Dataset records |
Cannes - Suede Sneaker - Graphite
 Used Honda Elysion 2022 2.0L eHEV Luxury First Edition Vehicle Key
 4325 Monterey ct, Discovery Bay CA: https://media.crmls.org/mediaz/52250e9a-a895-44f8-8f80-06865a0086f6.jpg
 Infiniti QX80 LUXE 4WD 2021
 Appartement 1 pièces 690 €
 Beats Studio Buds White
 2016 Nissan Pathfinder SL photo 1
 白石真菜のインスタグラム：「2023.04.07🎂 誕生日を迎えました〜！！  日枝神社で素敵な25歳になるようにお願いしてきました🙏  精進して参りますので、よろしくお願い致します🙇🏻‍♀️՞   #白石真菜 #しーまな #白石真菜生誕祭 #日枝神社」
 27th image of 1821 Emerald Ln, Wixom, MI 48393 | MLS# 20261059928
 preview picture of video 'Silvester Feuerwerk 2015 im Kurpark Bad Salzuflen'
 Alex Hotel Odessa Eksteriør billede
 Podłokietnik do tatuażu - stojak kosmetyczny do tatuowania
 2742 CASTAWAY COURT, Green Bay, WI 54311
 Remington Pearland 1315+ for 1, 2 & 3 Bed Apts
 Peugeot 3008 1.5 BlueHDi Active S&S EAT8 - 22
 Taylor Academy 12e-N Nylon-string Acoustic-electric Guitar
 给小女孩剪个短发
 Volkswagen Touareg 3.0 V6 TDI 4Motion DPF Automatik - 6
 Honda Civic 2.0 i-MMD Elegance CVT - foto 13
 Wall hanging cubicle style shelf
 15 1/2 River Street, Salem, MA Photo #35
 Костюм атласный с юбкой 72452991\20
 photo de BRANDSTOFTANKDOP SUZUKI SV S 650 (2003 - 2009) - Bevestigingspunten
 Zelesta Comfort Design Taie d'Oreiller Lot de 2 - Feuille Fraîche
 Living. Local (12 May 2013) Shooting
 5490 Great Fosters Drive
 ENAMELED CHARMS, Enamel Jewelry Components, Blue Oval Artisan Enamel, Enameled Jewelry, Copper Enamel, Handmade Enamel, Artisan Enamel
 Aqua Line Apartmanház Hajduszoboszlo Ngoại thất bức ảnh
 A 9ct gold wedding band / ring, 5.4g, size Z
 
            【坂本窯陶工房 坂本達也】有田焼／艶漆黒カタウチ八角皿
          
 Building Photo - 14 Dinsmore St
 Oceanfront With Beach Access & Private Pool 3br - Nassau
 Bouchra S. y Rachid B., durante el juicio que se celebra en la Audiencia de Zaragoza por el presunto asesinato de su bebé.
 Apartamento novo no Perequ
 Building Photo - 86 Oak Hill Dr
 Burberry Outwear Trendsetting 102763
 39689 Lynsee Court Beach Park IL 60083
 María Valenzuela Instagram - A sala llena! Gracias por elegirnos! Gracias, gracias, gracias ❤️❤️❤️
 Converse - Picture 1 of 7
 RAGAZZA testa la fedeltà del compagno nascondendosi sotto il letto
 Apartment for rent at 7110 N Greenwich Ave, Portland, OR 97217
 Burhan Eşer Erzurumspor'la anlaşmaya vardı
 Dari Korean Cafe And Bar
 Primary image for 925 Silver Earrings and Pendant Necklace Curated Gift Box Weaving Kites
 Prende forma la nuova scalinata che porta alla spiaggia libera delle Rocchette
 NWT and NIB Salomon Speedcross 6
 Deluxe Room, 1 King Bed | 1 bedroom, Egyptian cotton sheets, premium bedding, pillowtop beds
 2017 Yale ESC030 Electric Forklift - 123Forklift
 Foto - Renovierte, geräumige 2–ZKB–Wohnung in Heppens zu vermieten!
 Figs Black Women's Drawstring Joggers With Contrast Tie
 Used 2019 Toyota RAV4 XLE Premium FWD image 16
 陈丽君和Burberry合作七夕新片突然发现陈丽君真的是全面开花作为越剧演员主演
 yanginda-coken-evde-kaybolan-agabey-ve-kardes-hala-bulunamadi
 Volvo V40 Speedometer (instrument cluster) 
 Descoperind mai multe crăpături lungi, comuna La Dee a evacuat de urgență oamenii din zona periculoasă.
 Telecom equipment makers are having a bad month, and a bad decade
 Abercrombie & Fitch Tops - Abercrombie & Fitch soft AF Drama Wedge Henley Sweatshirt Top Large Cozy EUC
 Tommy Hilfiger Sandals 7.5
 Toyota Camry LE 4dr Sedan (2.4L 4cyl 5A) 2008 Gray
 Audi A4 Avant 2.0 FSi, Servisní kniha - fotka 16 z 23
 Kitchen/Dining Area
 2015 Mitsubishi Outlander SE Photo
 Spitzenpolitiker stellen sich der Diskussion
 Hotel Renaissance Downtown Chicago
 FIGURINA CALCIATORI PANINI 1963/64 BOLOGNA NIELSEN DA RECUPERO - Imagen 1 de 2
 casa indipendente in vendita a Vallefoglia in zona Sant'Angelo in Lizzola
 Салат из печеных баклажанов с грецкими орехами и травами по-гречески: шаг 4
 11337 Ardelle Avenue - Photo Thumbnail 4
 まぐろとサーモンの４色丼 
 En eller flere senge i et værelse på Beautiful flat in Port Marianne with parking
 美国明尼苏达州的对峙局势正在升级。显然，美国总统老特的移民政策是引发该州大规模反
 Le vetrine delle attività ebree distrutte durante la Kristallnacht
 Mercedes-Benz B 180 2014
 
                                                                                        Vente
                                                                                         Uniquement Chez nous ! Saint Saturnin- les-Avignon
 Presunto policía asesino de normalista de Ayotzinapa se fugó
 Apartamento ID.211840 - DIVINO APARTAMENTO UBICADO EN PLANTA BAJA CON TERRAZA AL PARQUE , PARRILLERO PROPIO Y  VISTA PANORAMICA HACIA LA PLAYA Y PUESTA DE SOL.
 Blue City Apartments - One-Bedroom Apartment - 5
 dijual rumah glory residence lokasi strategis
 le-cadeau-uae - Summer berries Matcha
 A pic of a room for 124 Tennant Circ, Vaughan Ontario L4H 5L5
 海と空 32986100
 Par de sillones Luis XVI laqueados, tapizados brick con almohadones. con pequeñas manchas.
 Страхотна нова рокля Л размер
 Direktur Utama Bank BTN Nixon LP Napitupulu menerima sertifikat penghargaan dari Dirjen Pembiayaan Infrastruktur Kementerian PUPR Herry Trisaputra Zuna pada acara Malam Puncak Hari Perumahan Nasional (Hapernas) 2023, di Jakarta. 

Exercise aim |
When the entries above are retyped, each line must stay exactly as it is.

Result for this exercise |
Cannes - Suede Sneaker - Graphite
 Used Honda Elysion 2022 2.0L eHEV Luxury First Edition Vehicle Key
 4325 Monterey ct, Discovery Bay CA: https://media.crmls.org/mediaz/52250e9a-a895-44f8-8f80-06865a0086f6.jpg
 Infiniti QX80 LUXE 4WD 2021
 Appartement 1 pièces 690 €
 Beats Studio Buds White
 2016 Nissan Pathfinder SL photo 1
 白石真菜のインスタグラム：「2023.04.07🎂 誕生日を迎えました〜！！  日枝神社で素敵な25歳になるようにお願いしてきました🙏  精進して参りますので、よろしくお願い致します🙇🏻‍♀️՞   #白石真菜 #しーまな #白石真菜生誕祭 #日枝神社」
 27th image of 1821 Emerald Ln, Wixom, MI 48393 | MLS# 20261059928
 preview picture of video 'Silvester Feuerwerk 2015 im Kurpark Bad Salzuflen'
 Alex Hotel Odessa Eksteriør billede
 Podłokietnik do tatuażu - stojak kosmetyczny do tatuowania
 2742 CASTAWAY COURT, Green Bay, WI 54311
 Remington Pearland 1315+ for 1, 2 & 3 Bed Apts
 Peugeot 3008 1.5 BlueHDi Active S&S EAT8 - 22
 Taylor Academy 12e-N Nylon-string Acoustic-electric Guitar
 给小女孩剪个短发
 Volkswagen Touareg 3.0 V6 TDI 4Motion DPF Automatik - 6
 Honda Civic 2.0 i-MMD Elegance CVT - foto 13
 Wall hanging cubicle style shelf
 15 1/2 River Street, Salem, MA Photo #35
 Костюм атласный с юбкой 72452991\20
 photo de BRANDSTOFTANKDOP SUZUKI SV S 650 (2003 - 2009) - Bevestigingspunten
 Zelesta Comfort Design Taie d'Oreiller Lot de 2 - Feuille Fraîche
 Living. Local (12 May 2013) Shooting
 5490 Great Fosters Drive
 ENAMELED CHARMS, Enamel Jewelry Components, Blue Oval Artisan Enamel, Enameled Jewelry, Copper Enamel, Handmade Enamel, Artisan Enamel
 Aqua Line Apartmanház Hajduszoboszlo Ngoại thất bức ảnh
 A 9ct gold wedding band / ring, 5.4g, size Z
 
            【坂本窯陶工房 坂本達也】有田焼／艶漆黒カタウチ八角皿
          
 Building Photo - 14 Dinsmore St
 Oceanfront With Beach Access & Private Pool 3br - Nassau
 Bouchra S. y Rachid B., durante el juicio que se celebra en la Audiencia de Zaragoza por el presunto asesinato de su bebé.
 Apartamento novo no Perequ
 Building Photo - 86 Oak Hill Dr
 Burberry Outwear Trendsetting 102763
 39689 Lynsee Court Beach Park IL 60083
 María Valenzuela Instagram - A sala llena! Gracias por elegirnos! Gracias, gracias, gracias ❤️❤️❤️
 Converse - Picture 1 of 7
 RAGAZZA testa la fedeltà del compagno nascondendosi sotto il letto
 Apartment for rent at 7110 N Greenwich Ave, Portland, OR 97217
 Burhan Eşer Erzurumspor'la anlaşmaya vardı
 Dari Korean Cafe And Bar
 Primary image for 925 Silver Earrings and Pendant Necklace Curated Gift Box Weaving Kites
 Prende forma la nuova scalinata che porta alla spiaggia libera delle Rocchette
 NWT and NIB Salomon Speedcross 6
 Deluxe Room, 1 King Bed | 1 bedroom, Egyptian cotton sheets, premium bedding, pillowtop beds
 2017 Yale ESC030 Electric Forklift - 123Forklift
 Foto - Renovierte, geräumige 2–ZKB–Wohnung in Heppens zu vermieten!
 Figs Black Women's Drawstring Joggers With Contrast Tie
 Used 2019 Toyota RAV4 XLE Premium FWD image 16
 陈丽君和Burberry合作七夕新片突然发现陈丽君真的是全面开花作为越剧演员主演
 yanginda-coken-evde-kaybolan-agabey-ve-kardes-hala-bulunamadi
 Volvo V40 Speedometer (instrument cluster) 
 Descoperind mai multe crăpături lungi, comuna La Dee a evacuat de urgență oamenii din zona periculoasă.
 Telecom equipment makers are having a bad month, and a bad decade
 Abercrombie & Fitch Tops - Abercrombie & Fitch soft AF Drama Wedge Henley Sweatshirt Top Large Cozy EUC
 Tommy Hilfiger Sandals 7.5
 Toyota Camry LE 4dr Sedan (2.4L 4cyl 5A) 2008 Gray
 Audi A4 Avant 2.0 FSi, Servisní kniha - fotka 16 z 23
 Kitchen/Dining Area
 2015 Mitsubishi Outlander SE Photo
 Spitzenpolitiker stellen sich der Diskussion
 Hotel Renaissance Downtown Chicago
 FIGURINA CALCIATORI PANINI 1963/64 BOLOGNA NIELSEN DA RECUPERO - Imagen 1 de 2
 casa indipendente in vendita a Vallefoglia in zona Sant'Angelo in Lizzola
 Салат из печеных баклажанов с грецкими орехами и травами по-гречески: шаг 4
 11337 Ardelle Avenue - Photo Thumbnail 4
 まぐろとサーモンの４色丼 
 En eller flere senge i et værelse på Beautiful flat in Port Marianne with parking
 美国明尼苏达州的对峙局势正在升级。显然，美国总统老特的移民政策是引发该州大规模反
 Le vetrine delle attività ebree distrutte durante la Kristallnacht
 Mercedes-Benz B 180 2014
 
                                                                                        Vente
                                                                                         Uniquement Chez nous ! Saint Saturnin- les-Avignon
 Presunto policía asesino de normalista de Ayotzinapa se fugó
 Apartamento ID.211840 - DIVINO APARTAMENTO UBICADO EN PLANTA BAJA CON TERRAZA AL PARQUE , PARRILLERO PROPIO Y  VISTA PANORAMICA HACIA LA PLAYA Y PUESTA DE SOL.
 Blue City Apartments - One-Bedroom Apartment - 5
 dijual rumah glory residence lokasi strategis
 le-cadeau-uae - Summer berries Matcha
 A pic of a room for 124 Tennant Circ, Vaughan Ontario L4H 5L5
 海と空 32986100
 Par de sillones Luis XVI laqueados, tapizados brick con almohadones. con pequeñas manchas.
 Страхотна нова рокля Л размер
 Direktur Utama Bank BTN Nixon LP Napitupulu menerima sertifikat penghargaan dari Dirjen Pembiayaan Infrastruktur Kementerian PUPR Herry Trisaputra Zuna pada acara Malam Puncak Hari Perumahan Nasional (Hapernas) 2023, di Jakarta. 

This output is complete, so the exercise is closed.